■ PROBLEM REQUIREMENTS ■
Transcribe exactly the lines from the top of the records below through the line that holds "Apr 13, 2025;", both included, with no pictures.
START DATA UNDER STUDY
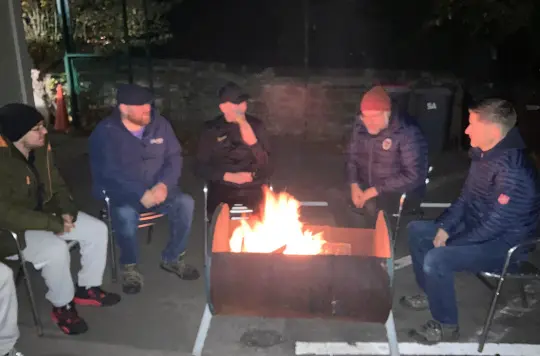 Men around a firepit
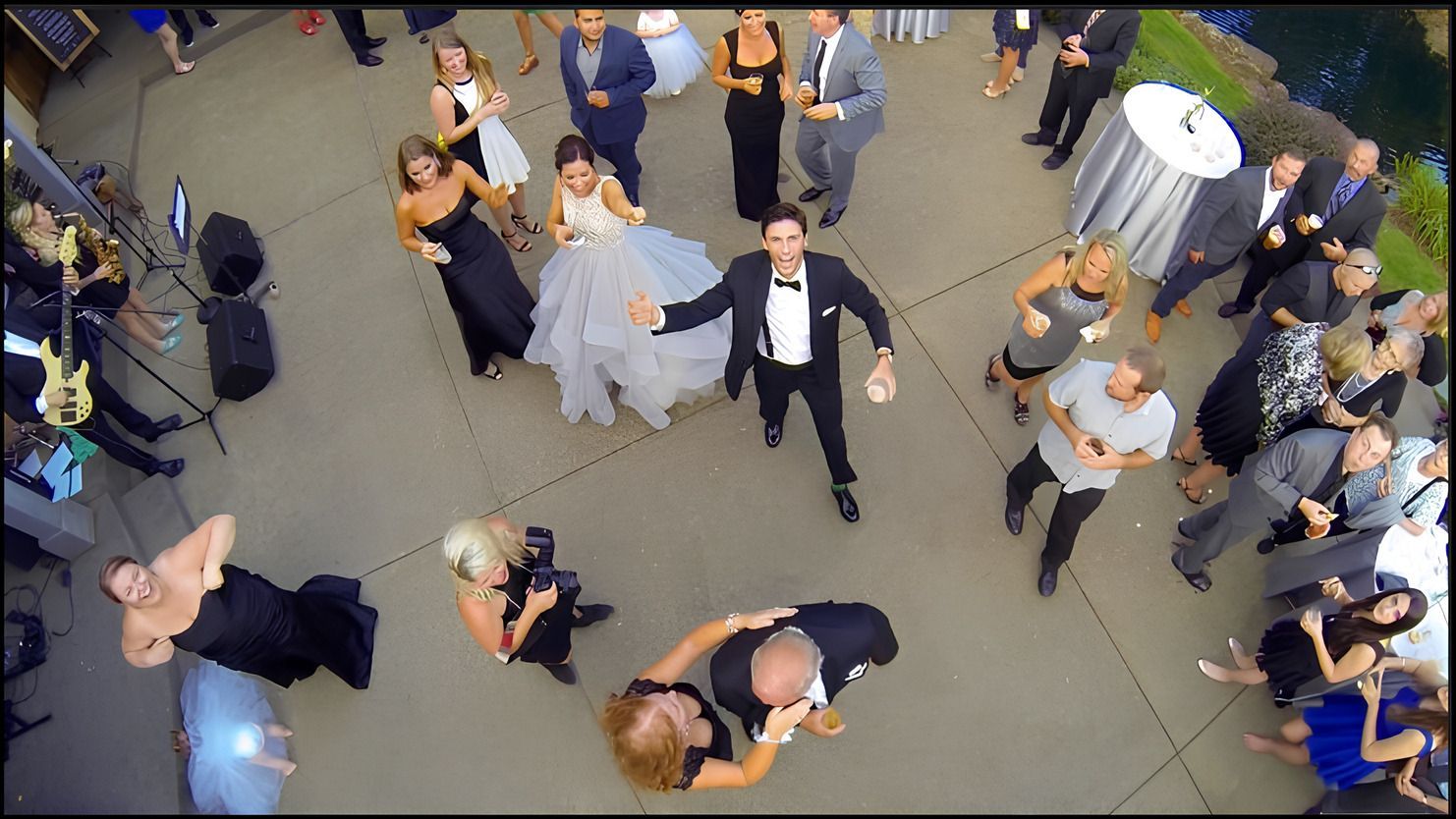 Les invités d'un mariage les bras en l'air.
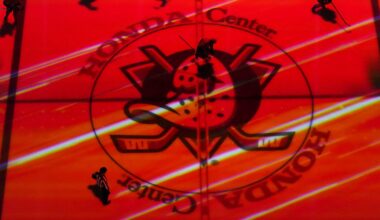 Apr 13, 2025; Anaheim, California, USA; Colorado Avalanche and Anaheim Ducks players skate across the Ducks logo at center ice in the second period at Honda Center. Mandatory Credit: Kirby Lee-Imagn Images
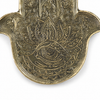 Macro detail of Fatima hand eye engraving on brass rolling tray, Hamsa tray symbol representing protection and spiritual energy
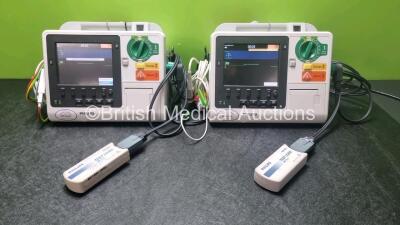 2 x Philips Heartstart XL+ Defibrillators Including ECG and Printer Options with 2 x Paddle Leads, 2 x M3725a Test Loads and 2 x 3 Lead ECG Leads (Both Power Up) *US51717133 / US6171793*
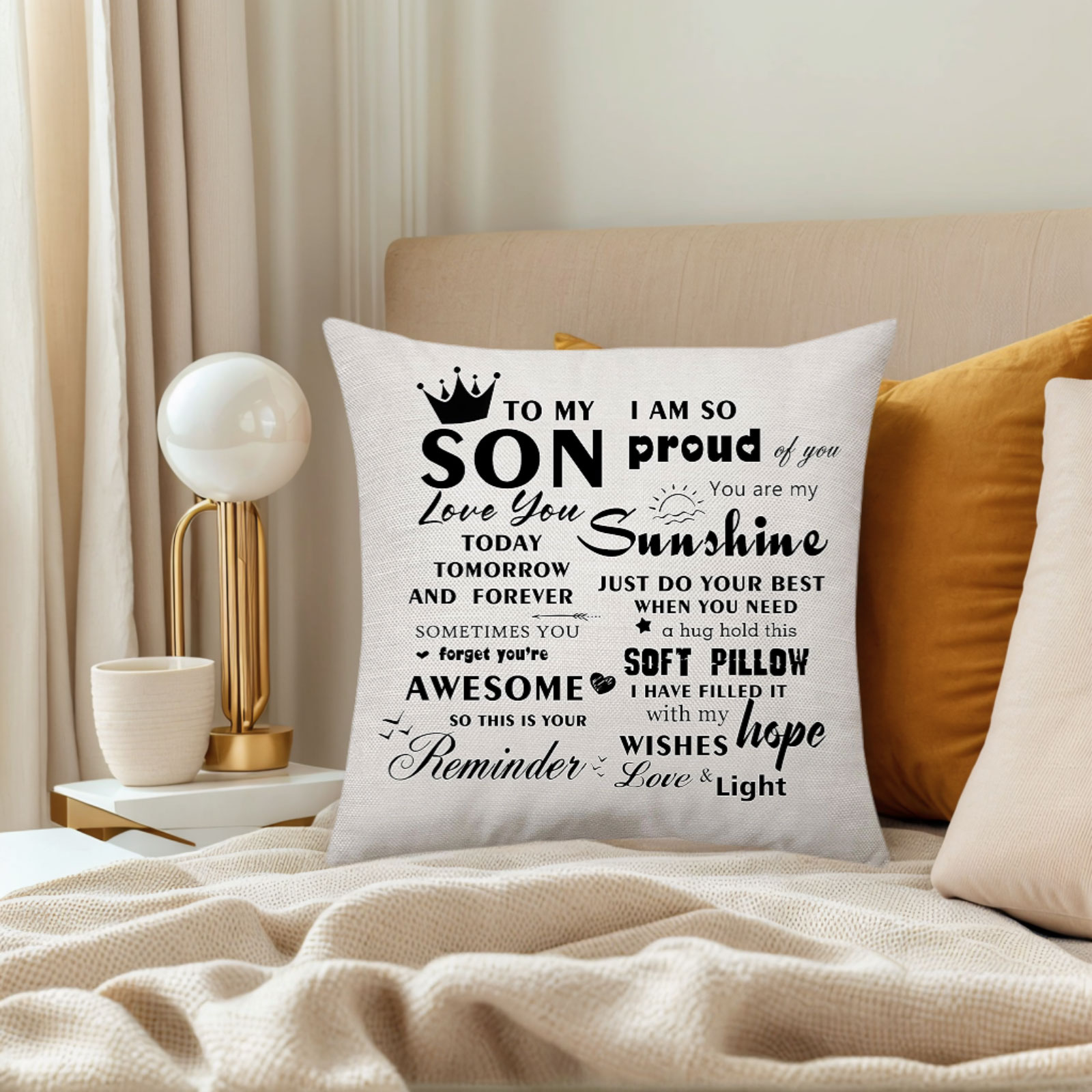 Ein weißes Kissen mit einer Botschaft für einen Sohn auf einem Bett. Es ist von Kissen und einer Lampe umgeben.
END DATA UNDER STUDY
■ RESULT OF THE TASK ■
 Men around a firepit
 Les invités d'un mariage les bras en l'air.
 Apr 13, 2025; Anaheim, California, USA; Colorado Avalanche and Anaheim Ducks players skate across the Ducks logo at center ice in the second period at Honda Center. Mandatory Credit: Kirby Lee-Imagn Images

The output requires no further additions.